Rajasthan High Court - Jodhpur
M/S Ancl & Co. (India) Pvt. Ltd vs M/S Rswm Ltd on 4 May, 2018
Author: Arun Bhansali
Bench: Arun Bhansali
HIGH COURT OF JUDICATURE FOR RAJASTHAN AT
JODHPUR
S.B. Arbitration Application No. 12 / 2016
ANCL & Co. (India) Pvt. Ltd. Having its registered office at 252-C,
1st floor, Sant Nagar, East of Kailash, New Delhi - 110065 through
its Managing Director Shri Sanjeev Khokha.
----Applicant
Versus
RSWM Ltd. (Unit LNJ Denim), having its Registered Office at
Kharigram, District Bhilwara, Rajasthan through General Manager
(Commercial).
----Respondent
_____________________________________________________
For Petitioner(s) : Mr. Udit Seth.
Mr. K.S. Lodha.
For Respondent(s) : Mr. O.P. Mehta.
_____________________________________________________
HON'BLE MR. JUSTICE ARUN BHANSALI
Order 04/05/2018 This application under Section 11 of the Arbitration & Conciliation Act, 1996 ('the Act') has been filed by the applicant - Company seeking appointment of an Arbitrator in accordance with the arbitration agreement between the applicant - Company and the respondent - Company.
It is, inter alia, indicated in the application that the applicant is a Company incorporated under the provisions of the Companies Act, 1956 having principal business of Civil, Sanitary & Water Supply Installation Works being Engineers, Builders and Contractors. It is contended that the applicant - Company entered into a contract dated 1.4.2011 with the respondent - Company for Civil, Sanitary & Water Supply Installation Works for expansion of its Denim Unit at Village - Mordi, District Banswara.
(2 of 9) [ARBAP-12/2016] It is claimed that the Clause-45 of the Contract contains the arbitration agreement between the parties.
A dispute arose between the parties resulting in exchange of correspondence filed as Annex.4 with the application. It is alleged that despite submission of final bill, the payment was not released, requisite gate passes were not issued and that certain Minutes of Meeting held on 4.2.2014 were got signed under duress, undue influence and coercion.

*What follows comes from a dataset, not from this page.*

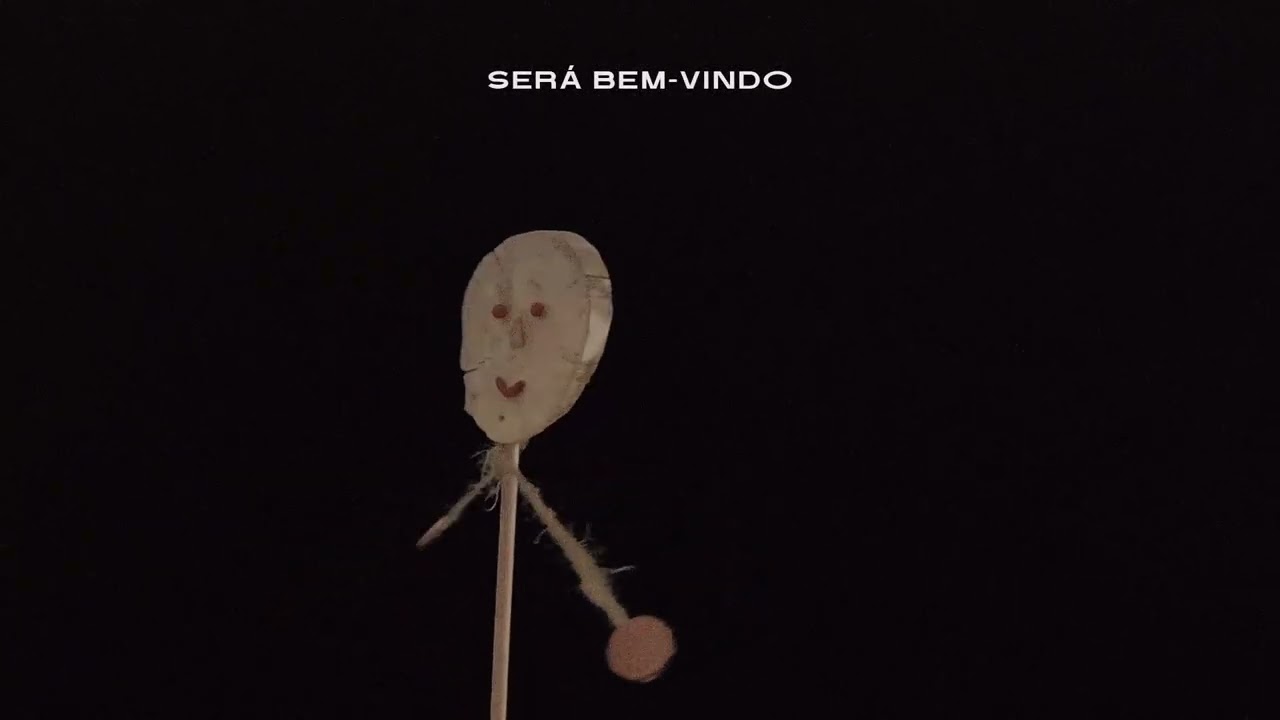 Cara de Espelho - Bem-Vindo (Official Lyric Visualiser)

Further submissions have been made that when the efforts made to resolve the issues, went in vain, the applicant by letter dated 18.10.2014 (Annex.7) called upon the respondent to either release the payment based on the claim submitted or the letter may be treated as invoking the arbitration clause provided in the agreement, which letter was responded vide Annex.8 relying on the Minutes of Meeting dated 4.2.2014.
Based on the above facts, the appointment of Arbitrator has been prayed for, as noticed hereinbefore.

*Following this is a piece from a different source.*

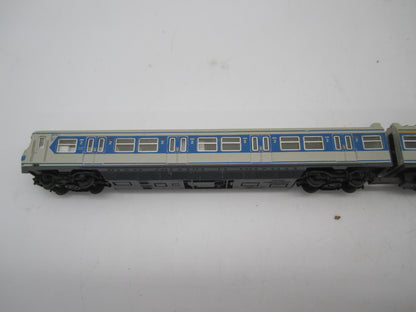 Arnold N - 2940 - 3-delig treinstel ET 420 van de DB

The respondent - Company filed its preliminary objections to the maintainability of the application. It is, inter alia, indicated that the requirements of arbitration agreement itself have not been fulfilled as notice was required to be given within 28 days after receiving the decision from the Architect, which has not been given within the time indicated.

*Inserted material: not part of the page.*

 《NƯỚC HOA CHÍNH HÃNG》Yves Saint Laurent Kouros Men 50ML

Further submissions have been made that the applicant has failed to give out specific fact as to what was the duress, coercion or undue influence in signing the Minutes of Meeting dated 4.2.2014. It is denied that there is any dispute between the (3 of 9) [ARBAP-12/2016] parties, which could be referred to the arbitration.
Strong reliance has been placed on mails (Annex.R/2) indicating that the bill submitted is final and there is no pending claim. Based on the said submissions, it is prayed that the application be dismissed.
A rejoinder to the reply has been filed by the applicant placing on record a large number of documents indicating live dispute does exist between the parties and that the applicant was placed in a situation where it had no option but to sign the Minutes of Meeting dated 4.2.2014.
Learned counsel for the applicant submitted that the existence of arbitration agreement between the parties is not in dispute, which was promptly invoked by the applicant by issuing the notice dated 18.10.2014 (Annex.7). It was submitted that in terms of the provision of Section 11(6A) of the Act, this Court is required to confine itself to the examination of the existence of an arbitration agreement between the parties and the disputes, which are sought to be raised by the respondent, can only be examined by the Arbitrator.
It was also submitted with reference to the various documents that the reliance placed on the Minutes of Meeting dated 4.2.2014 and the documents (Annex.R/2) seeking to indicate that there was no dispute between the parties and that the applicant having issued no-dues is not entitled to invoke the arbitration clause, is also baseless besides the fact that the documents were signed under duress, undue influence and coercion. It was prayed that an Arbitrator be appointed to resolve (4 of 9) [ARBAP-12/2016] the dispute between the parties.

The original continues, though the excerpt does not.